What's required is a verbatim printout of all the data.
EXERCISE INPUTS START
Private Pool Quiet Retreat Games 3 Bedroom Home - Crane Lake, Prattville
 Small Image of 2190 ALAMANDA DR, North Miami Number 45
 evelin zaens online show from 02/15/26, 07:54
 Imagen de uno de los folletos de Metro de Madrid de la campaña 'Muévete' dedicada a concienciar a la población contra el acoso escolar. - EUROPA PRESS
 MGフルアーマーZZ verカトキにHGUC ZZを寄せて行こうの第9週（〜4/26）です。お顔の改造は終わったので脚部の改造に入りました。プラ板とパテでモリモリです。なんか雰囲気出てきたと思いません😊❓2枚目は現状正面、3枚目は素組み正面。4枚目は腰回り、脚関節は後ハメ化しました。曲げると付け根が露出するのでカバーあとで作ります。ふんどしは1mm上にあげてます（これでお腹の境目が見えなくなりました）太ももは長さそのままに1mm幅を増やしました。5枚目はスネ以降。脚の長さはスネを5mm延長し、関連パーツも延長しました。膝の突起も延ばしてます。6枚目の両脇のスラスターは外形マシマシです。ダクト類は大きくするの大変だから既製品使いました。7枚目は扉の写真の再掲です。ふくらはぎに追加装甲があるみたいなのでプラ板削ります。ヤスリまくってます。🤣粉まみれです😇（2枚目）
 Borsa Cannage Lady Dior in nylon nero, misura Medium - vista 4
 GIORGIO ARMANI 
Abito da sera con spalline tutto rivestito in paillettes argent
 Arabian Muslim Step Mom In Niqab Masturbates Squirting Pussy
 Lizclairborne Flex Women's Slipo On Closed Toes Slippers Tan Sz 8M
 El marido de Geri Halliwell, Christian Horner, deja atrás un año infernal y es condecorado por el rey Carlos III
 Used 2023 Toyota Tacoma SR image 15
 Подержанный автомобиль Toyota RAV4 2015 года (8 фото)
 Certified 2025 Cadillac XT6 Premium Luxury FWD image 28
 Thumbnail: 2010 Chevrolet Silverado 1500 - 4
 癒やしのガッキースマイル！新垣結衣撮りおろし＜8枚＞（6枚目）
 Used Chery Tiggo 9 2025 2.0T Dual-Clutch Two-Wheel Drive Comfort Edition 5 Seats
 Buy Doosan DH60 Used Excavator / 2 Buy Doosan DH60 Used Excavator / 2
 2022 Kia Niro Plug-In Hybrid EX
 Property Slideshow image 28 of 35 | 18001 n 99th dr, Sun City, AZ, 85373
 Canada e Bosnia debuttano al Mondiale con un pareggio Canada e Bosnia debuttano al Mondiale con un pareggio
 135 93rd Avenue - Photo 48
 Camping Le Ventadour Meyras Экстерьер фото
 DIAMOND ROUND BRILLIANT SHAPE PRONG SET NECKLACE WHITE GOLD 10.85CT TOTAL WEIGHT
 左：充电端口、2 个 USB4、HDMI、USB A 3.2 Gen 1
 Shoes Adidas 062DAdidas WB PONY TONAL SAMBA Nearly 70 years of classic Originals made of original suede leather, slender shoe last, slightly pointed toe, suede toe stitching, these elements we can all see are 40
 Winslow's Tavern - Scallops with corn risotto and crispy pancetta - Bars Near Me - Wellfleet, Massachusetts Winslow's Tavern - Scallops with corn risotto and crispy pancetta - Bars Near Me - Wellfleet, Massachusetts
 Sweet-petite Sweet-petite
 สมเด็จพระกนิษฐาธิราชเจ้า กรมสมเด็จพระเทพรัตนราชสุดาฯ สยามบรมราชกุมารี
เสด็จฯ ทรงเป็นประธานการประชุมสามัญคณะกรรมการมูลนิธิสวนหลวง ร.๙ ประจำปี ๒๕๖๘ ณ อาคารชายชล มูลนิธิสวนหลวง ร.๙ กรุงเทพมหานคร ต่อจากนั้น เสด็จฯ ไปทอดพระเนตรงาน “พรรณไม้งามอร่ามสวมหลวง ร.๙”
EXERCISE INPUTS END
RESPONSE TO THIS EXERCISE —
Private Pool Quiet Retreat Games 3 Bedroom Home - Crane Lake, Prattville
 Small Image of 2190 ALAMANDA DR, North Miami Number 45
 evelin zaens online show from 02/15/26, 07:54
 Imagen de uno de los folletos de Metro de Madrid de la campaña 'Muévete' dedicada a concienciar a la población contra el acoso escolar. - EUROPA PRESS
 MGフルアーマーZZ verカトキにHGUC ZZを寄せて行こうの第9週（〜4/26）です。お顔の改造は終わったので脚部の改造に入りました。プラ板とパテでモリモリです。なんか雰囲気出てきたと思いません😊❓2枚目は現状正面、3枚目は素組み正面。4枚目は腰回り、脚関節は後ハメ化しました。曲げると付け根が露出するのでカバーあとで作ります。ふんどしは1mm上にあげてます（これでお腹の境目が見えなくなりました）太ももは長さそのままに1mm幅を増やしました。5枚目はスネ以降。脚の長さはスネを5mm延長し、関連パーツも延長しました。膝の突起も延ばしてます。6枚目の両脇のスラスターは外形マシマシです。ダクト類は大きくするの大変だから既製品使いました。7枚目は扉の写真の再掲です。ふくらはぎに追加装甲があるみたいなのでプラ板削ります。ヤスリまくってます。🤣粉まみれです😇（2枚目）
 Borsa Cannage Lady Dior in nylon nero, misura Medium - vista 4
 GIORGIO ARMANI 
Abito da sera con spalline tutto rivestito in paillettes argent
 Arabian Muslim Step Mom In Niqab Masturbates Squirting Pussy
 Lizclairborne Flex Women's Slipo On Closed Toes Slippers Tan Sz 8M
 El marido de Geri Halliwell, Christian Horner, deja atrás un año infernal y es condecorado por el rey Carlos III
 Used 2023 Toyota Tacoma SR image 15
 Подержанный автомобиль Toyota RAV4 2015 года (8 фото)
 Certified 2025 Cadillac XT6 Premium Luxury FWD image 28
 Thumbnail: 2010 Chevrolet Silverado 1500 - 4
 癒やしのガッキースマイル！新垣結衣撮りおろし＜8枚＞（6枚目）
 Used Chery Tiggo 9 2025 2.0T Dual-Clutch Two-Wheel Drive Comfort Edition 5 Seats
 Buy Doosan DH60 Used Excavator / 2 Buy Doosan DH60 Used Excavator / 2
 2022 Kia Niro Plug-In Hybrid EX
 Property Slideshow image 28 of 35 | 18001 n 99th dr, Sun City, AZ, 85373
 Canada e Bosnia debuttano al Mondiale con un pareggio Canada e Bosnia debuttano al Mondiale con un pareggio
 135 93rd Avenue - Photo 48
 Camping Le Ventadour Meyras Экстерьер фото
 DIAMOND ROUND BRILLIANT SHAPE PRONG SET NECKLACE WHITE GOLD 10.85CT TOTAL WEIGHT
 左：充电端口、2 个 USB4、HDMI、USB A 3.2 Gen 1
 Shoes Adidas 062DAdidas WB PONY TONAL SAMBA Nearly 70 years of classic Originals made of original suede leather, slender shoe last, slightly pointed toe, suede toe stitching, these elements we can all see are 40
 Winslow's Tavern - Scallops with corn risotto and crispy pancetta - Bars Near Me - Wellfleet, Massachusetts Winslow's Tavern - Scallops with corn risotto and crispy pancetta - Bars Near Me - Wellfleet, Massachusetts
 Sweet-petite Sweet-petite
 สมเด็จพระกนิษฐาธิราชเจ้า กรมสมเด็จพระเทพรัตนราชสุดาฯ สยามบรมราชกุมารี
เสด็จฯ ทรงเป็นประธานการประชุมสามัญคณะกรรมการมูลนิธิสวนหลวง ร.๙ ประจำปี ๒๕๖๘ ณ อาคารชายชล มูลนิธิสวนหลวง ร.๙ กรุงเทพมหานคร ต่อจากนั้น เสด็จฯ ไปทอดพระเนตรงาน “พรรณไม้งามอร่ามสวมหลวง ร.๙”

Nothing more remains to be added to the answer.